**PROBLEM TO WORK ON:**
Without the pictures, copy all the entries below exactly.
[RECORDS FOR THIS TASK]
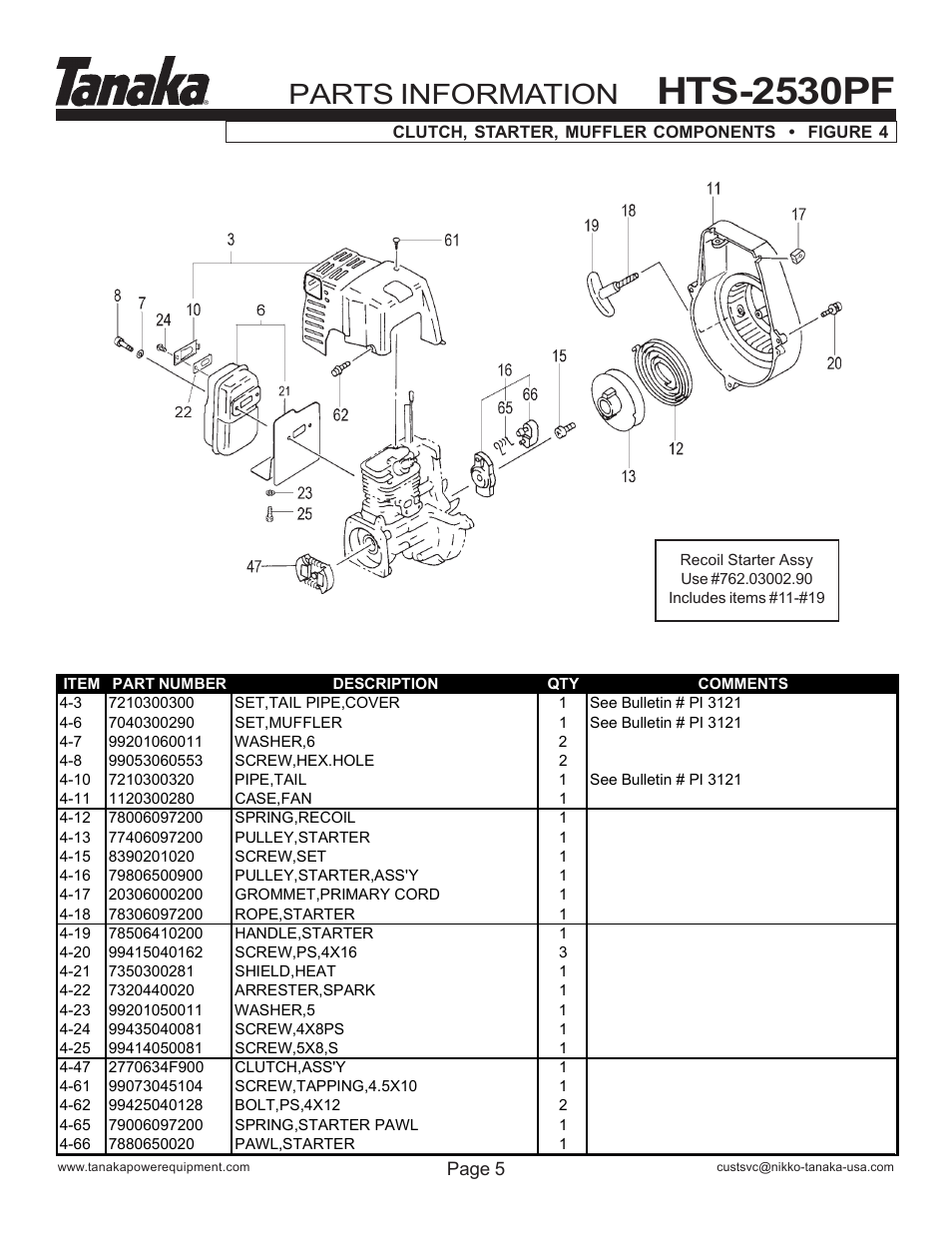 Clutch, starter & muffler, Hts-2530pf, Parts information | Tanaka HTS-2530PF User Manual | Page 6 / 17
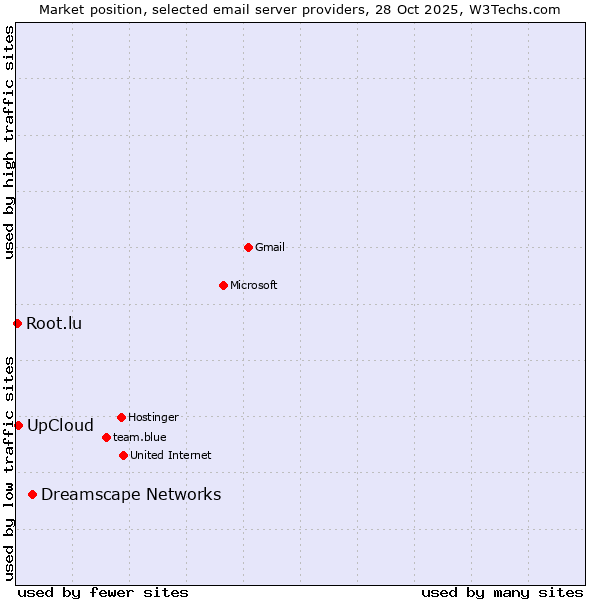 Market position of Dreamscape Networks vs. UpCloud vs. Root.lu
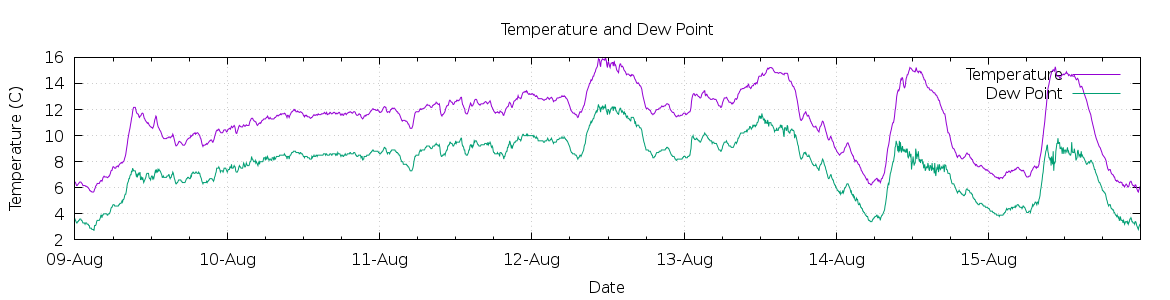 [7-day Temperature and Dew Point]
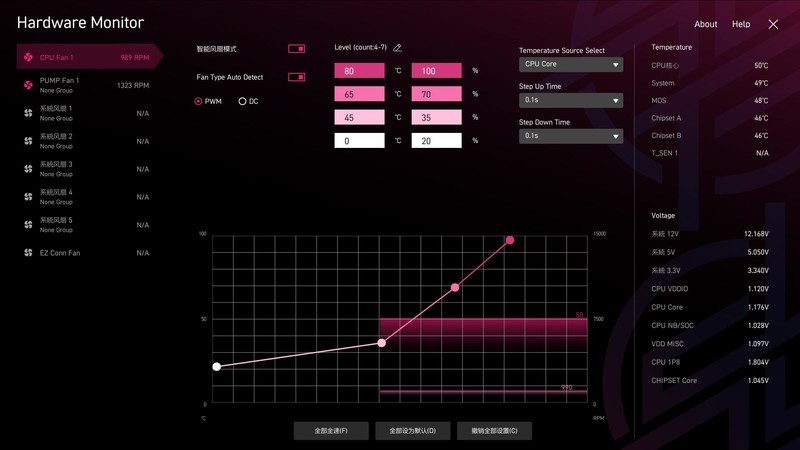 9800X3D的黄金搭档，CPU内存一键超频，微星MPG X870E 暗黑主板体验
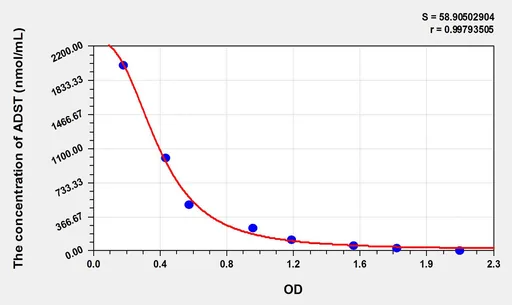 Pig ADST(Androstenone) ELISA Kit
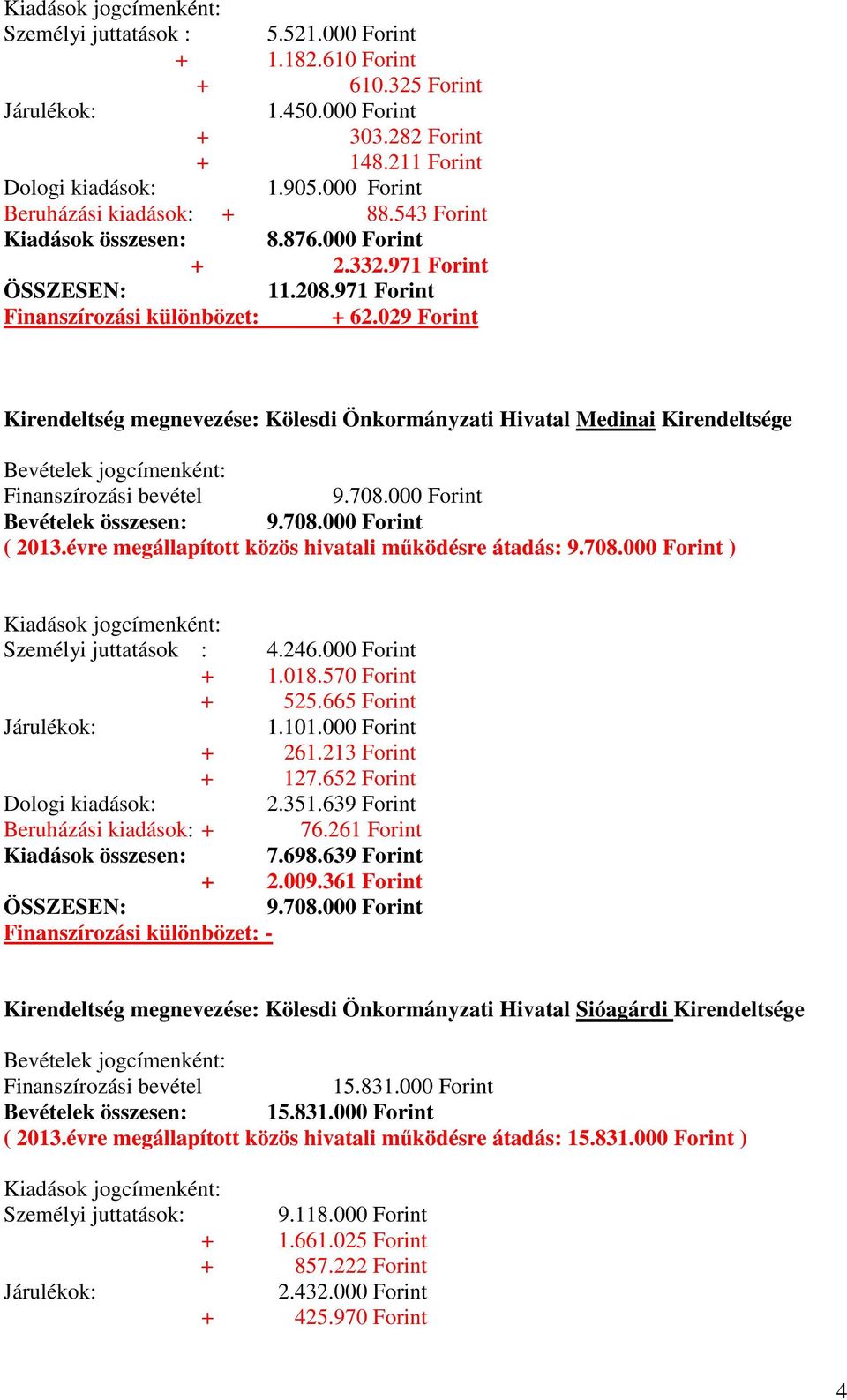 029 Forint Kirendeltség megnevezése: Kölesdi Önkormányzati Hivatal Medinai Kirendeltsége 9.708.000 Forint Bevételek összesen: 9.708.000 Forint ( 2013.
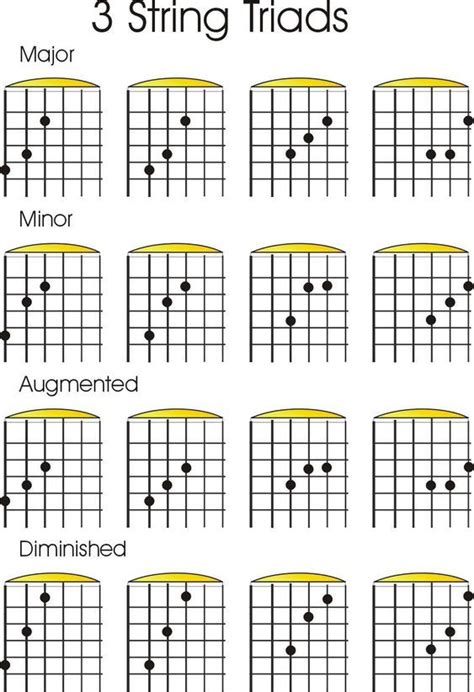 3 String Guitar Chords Pdf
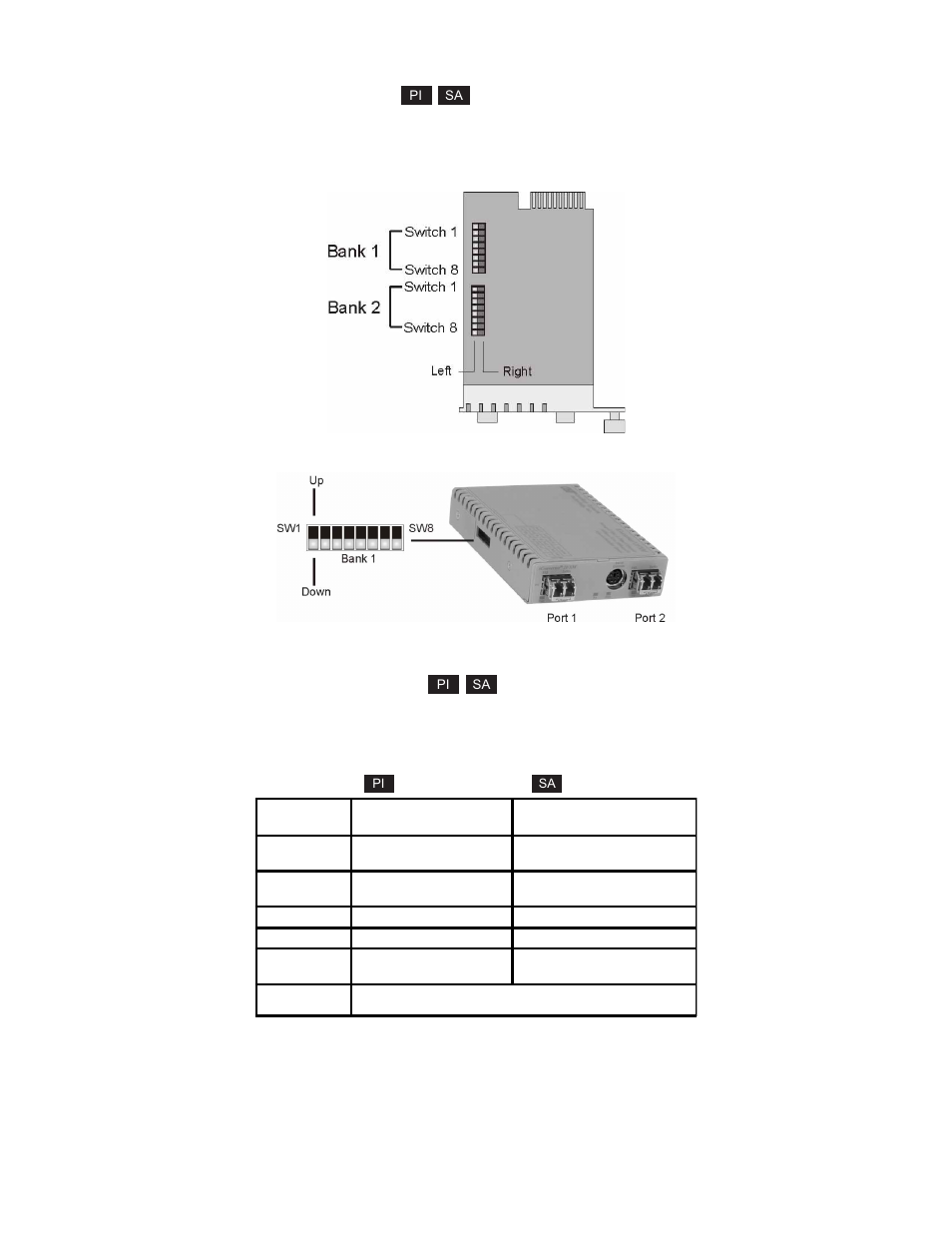 2 configuring dip-switches, 1 board-mounted bank 1 settings, Board-mounted bank 1 settings | Omnitron Systems Technology iConverter 2FXM User Manual User Manual | Page 6 / 46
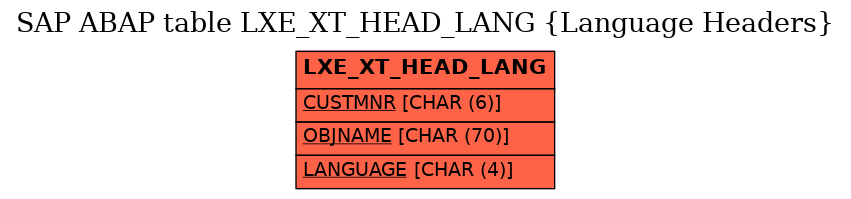 E-R Diagram for table LXE_XT_HEAD_LANG (Language Headers)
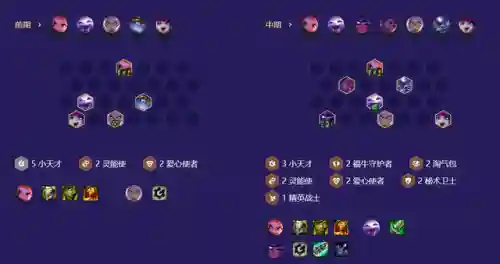 安心使者阵容搭配攻略(绝境守卫最强阵容搭配)插图3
[/RECORDS FOR THIS TASK]
**SOLUTION TO THE PROBLEM:**
 Clutch, starter & muffler, Hts-2530pf, Parts information | Tanaka HTS-2530PF User Manual | Page 6 / 17
 Market position of Dreamscape Networks vs. UpCloud vs. Root.lu
 [7-day Temperature and Dew Point]
 9800X3D的黄金搭档，CPU内存一键超频，微星MPG X870E 暗黑主板体验
 Pig ADST(Androstenone) ELISA Kit
 029 Forint Kirendeltség megnevezése: Kölesdi Önkormányzati Hivatal Medinai Kirendeltsége 9.708.000 Forint Bevételek összesen: 9.708.000 Forint ( 2013.
 3 String Guitar Chords Pdf
 2 configuring dip-switches, 1 board-mounted bank 1 settings, Board-mounted bank 1 settings | Omnitron Systems Technology iConverter 2FXM User Manual User Manual | Page 6 / 46
 E-R Diagram for table LXE_XT_HEAD_LANG (Language Headers)
 安心使者阵容搭配攻略(绝境守卫最强阵容搭配)插图3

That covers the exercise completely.